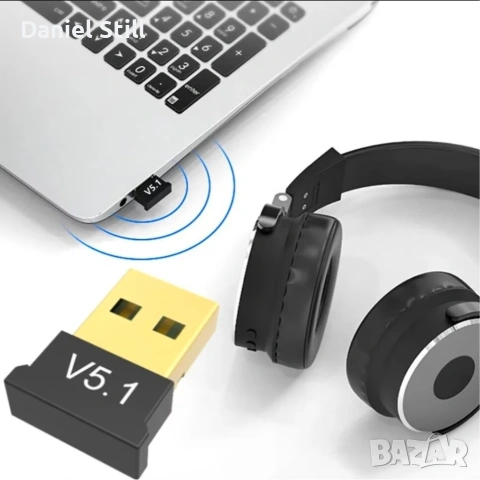 Bluetooth 5.1 безжичен адаптер, съвместим с компютър/лаптоп, USB, черен, снимка 4 - Кабели и адаптери - 54540614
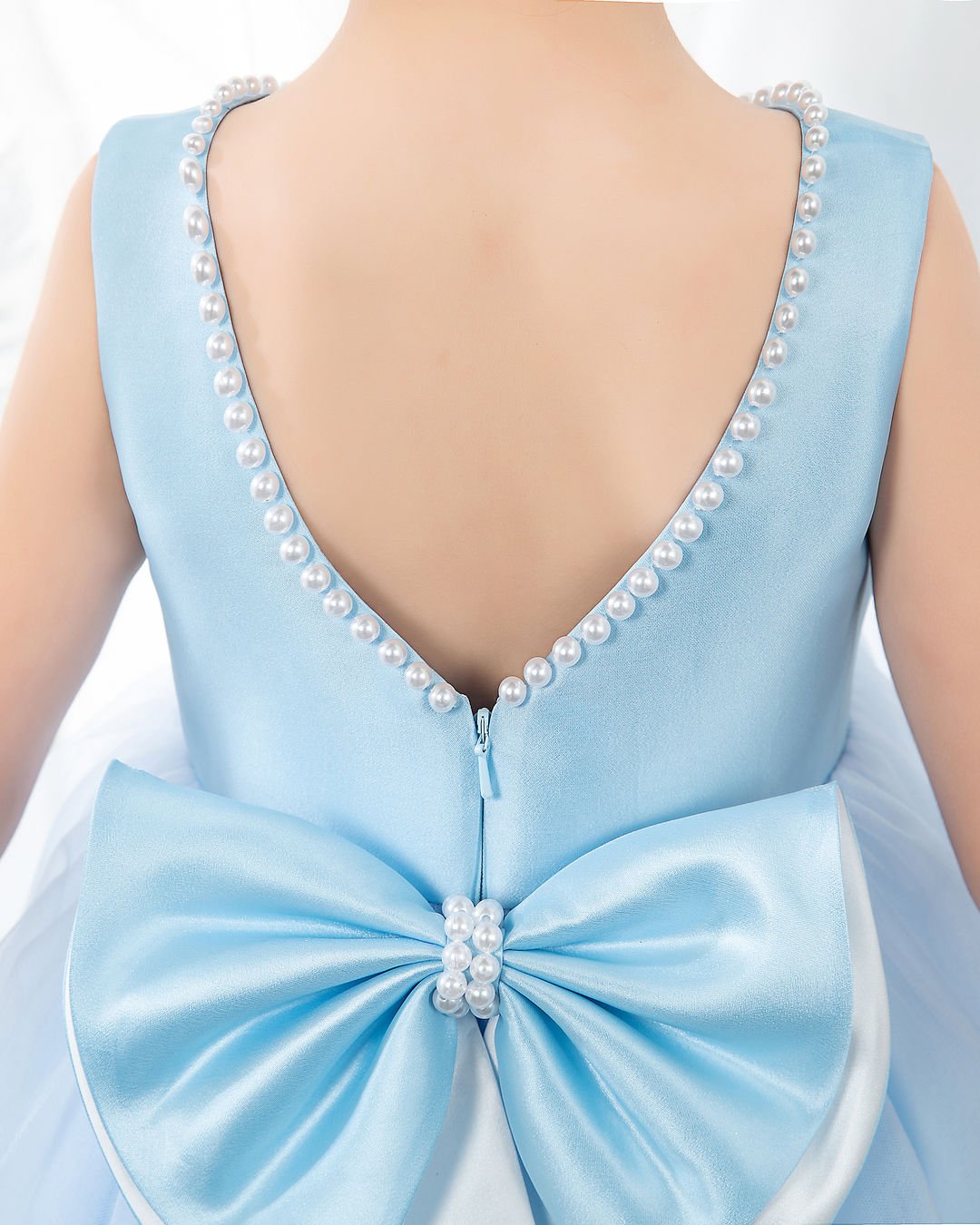 NumberSea - Light Blue Sleeveless Girls Princess Cute Dresses Birthday Dress Party Dresses Kids Dresses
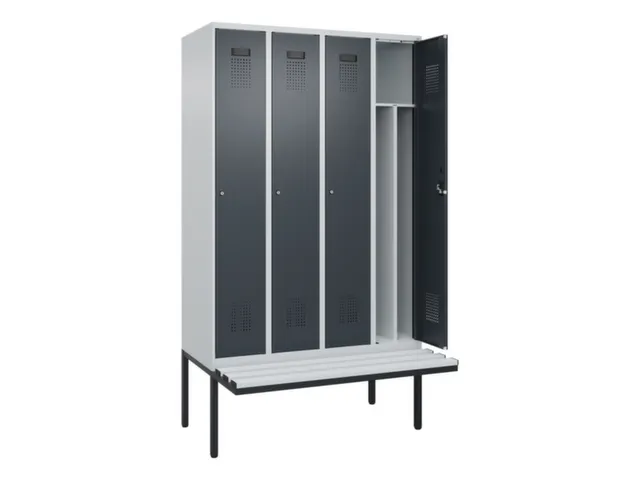 locker met bank,voor scheiding van kleding,HxBxD 2120x1200x815mm,4vak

### Work order
Output the data above in full. Skip every picture.

### Response to this task
 Bluetooth 5.1 безжичен адаптер, съвместим с компютър/лаптоп, USB, черен, снимка 4 - Кабели и адаптери - 54540614
 NumberSea - Light Blue Sleeveless Girls Princess Cute Dresses Birthday Dress Party Dresses Kids Dresses
 locker met bank,voor scheiding van kleding,HxBxD 2120x1200x815mm,4vak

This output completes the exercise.